--- START ---

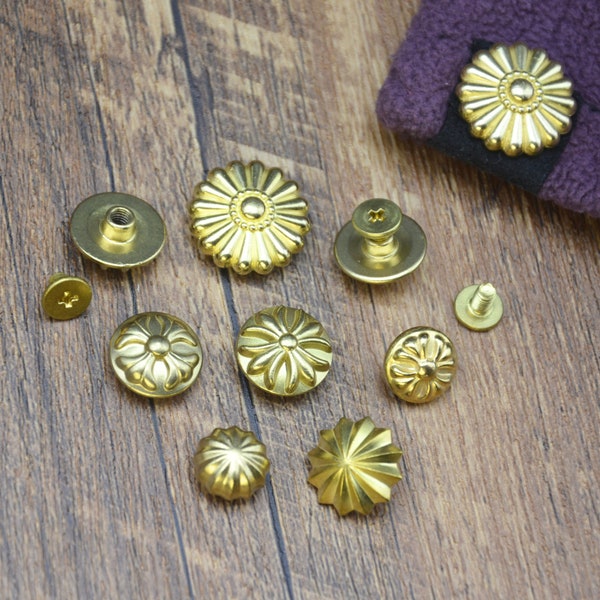 High Quality Brass Chicago Screw Leather Craft Decoration Cloth Button Bag Purse Belt Screw Hardware Accessories 11mm 13mm 14mm 17mm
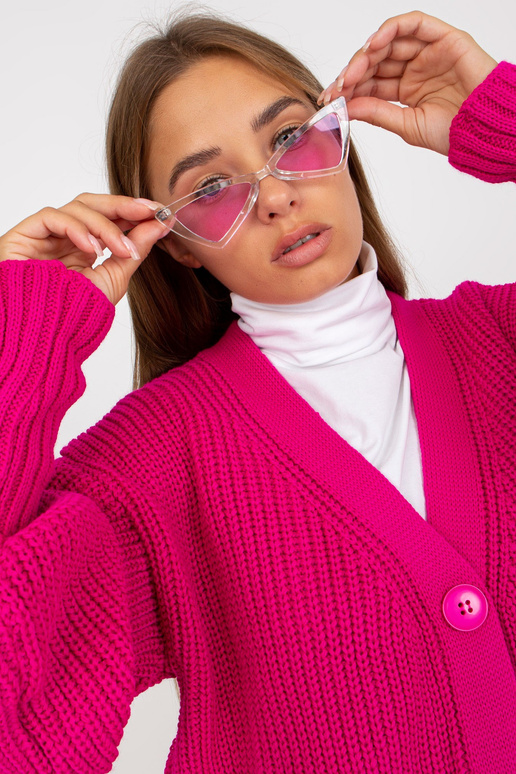 Fuksijos spalvos ilgas megztinis su... Fuksijos spalvos ilgas megztinis su...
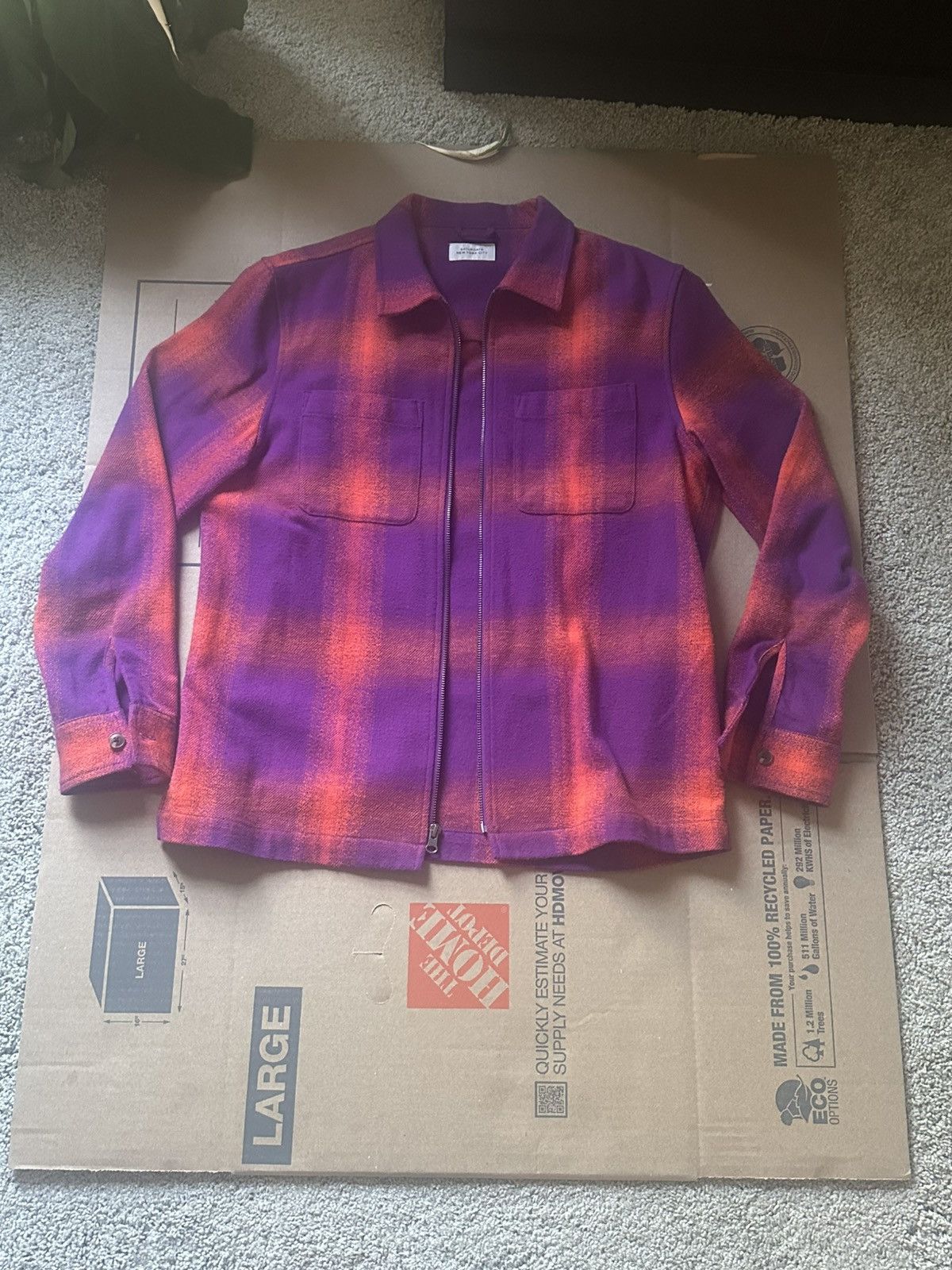 Plaid zip up flannel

--- END ---

- EXERCISE OBJECTIVE
Everything from the line that contains "Fuksijos spalvos ilgas megztinis su... Fuksijos" through the final line of the material should be returned exactly, except the pictures.

- EXPECTED ANSWER
 Fuksijos spalvos ilgas megztinis su... Fuksijos spalvos ilgas megztinis su...
 Plaid zip up flannel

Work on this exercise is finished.